The research group "Computational Neuroscience of Speech & Hearing" investigates the neural and cognitive underpinnings of auditory communication across the lifespan.
In our research, we focus on healthy as well as clinical populations who have hearing and language pathology (e.g., due to age-related hearing loss, dementia, Alzheimer's disease).
We have three major goals:
1) Based on fundamental (experimental) research, we want to understand the associations between the sensory, language, cognitive, general health, and neural status in healthy individuals across the lifespan
2) Working with clinical populations such as older adults with Alzheimer's disease, we want to understand the impact of sensory decline and language pathology on cognition and the brain
3) We are doing applied research in which we use digital (e.g. collecting real-life data on mobile phones or hearing aids, developing digital training apps in virtual reality) and neurophysiology-based (e.g., neurofeedback) tools to improve diagnostics and interventions against hearing and language pathology.

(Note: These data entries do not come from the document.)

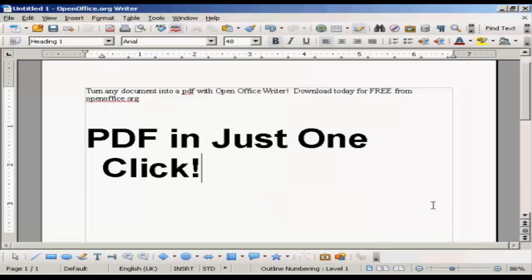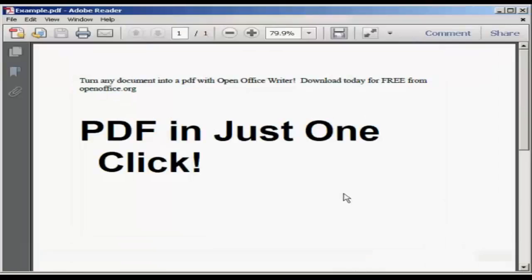And there you go, there it is saved. If I just open it in Adobe Acrobat Reader, you can see there's our PDF. Very, very simple to do. Thank you.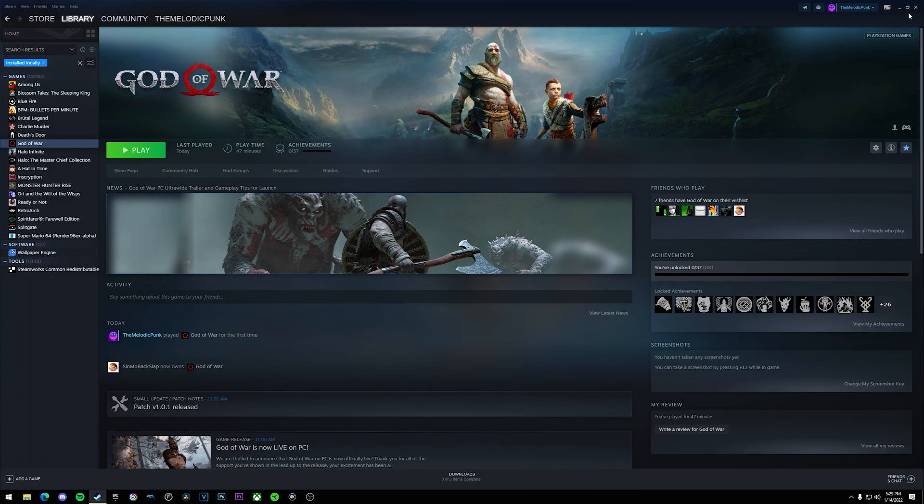Upon booting up God of War with the DualSense plugged into my PC, I was still getting the Xbox UI and button input, so I'm going to show you how to fix that.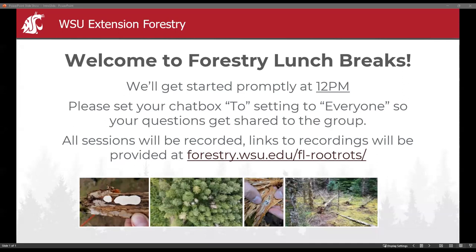It is noon. Welcome back everybody. Welcome to the third session in the series on root rots. Today we are going to be talking about forest management strategies for root diseases.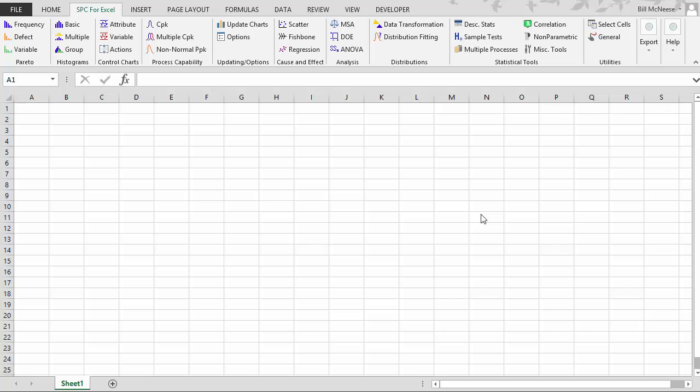This video takes a quick look at how you do power and sample size analysis with the SPC for Excel software.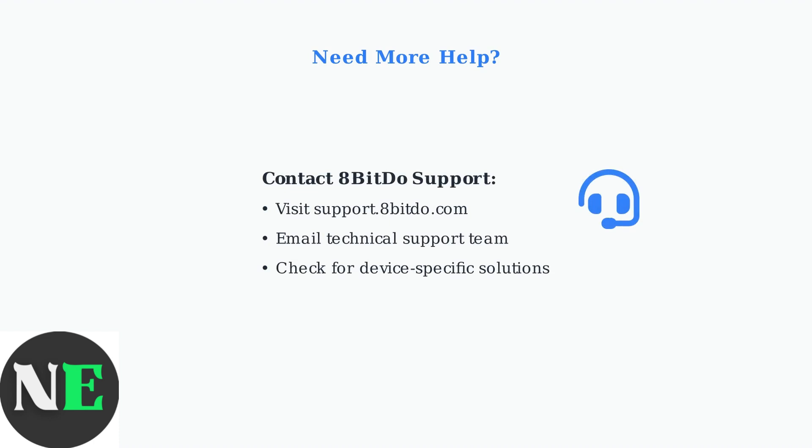If problems persist after trying these steps, don't hesitate to contact 8BitDo support directly. They can provide device-specific assistance and may have additional firmware updates or solutions for your particular iOS device model.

In our experiments we use various neuropsychological and psychoacoustic tests and a range of neuroimaging techniques, such as magnetic resonance imaging (MRI) and electroencephalography (EEG) in humans. In all our research streams, we apply an individual and context-dependent perspective on participants and patients in our research.
Our research is highly interdisciplinary, while mainly anchored in cognitive neuroscience, psychology, and linguistics.
In order to reach our goals, we have close collaborations with several industrial partners and with the medical fields to develop and inform technological and medical innovations.
The research group "Computational Neuroscience of Speech & Hearing" is funded by the SNSF.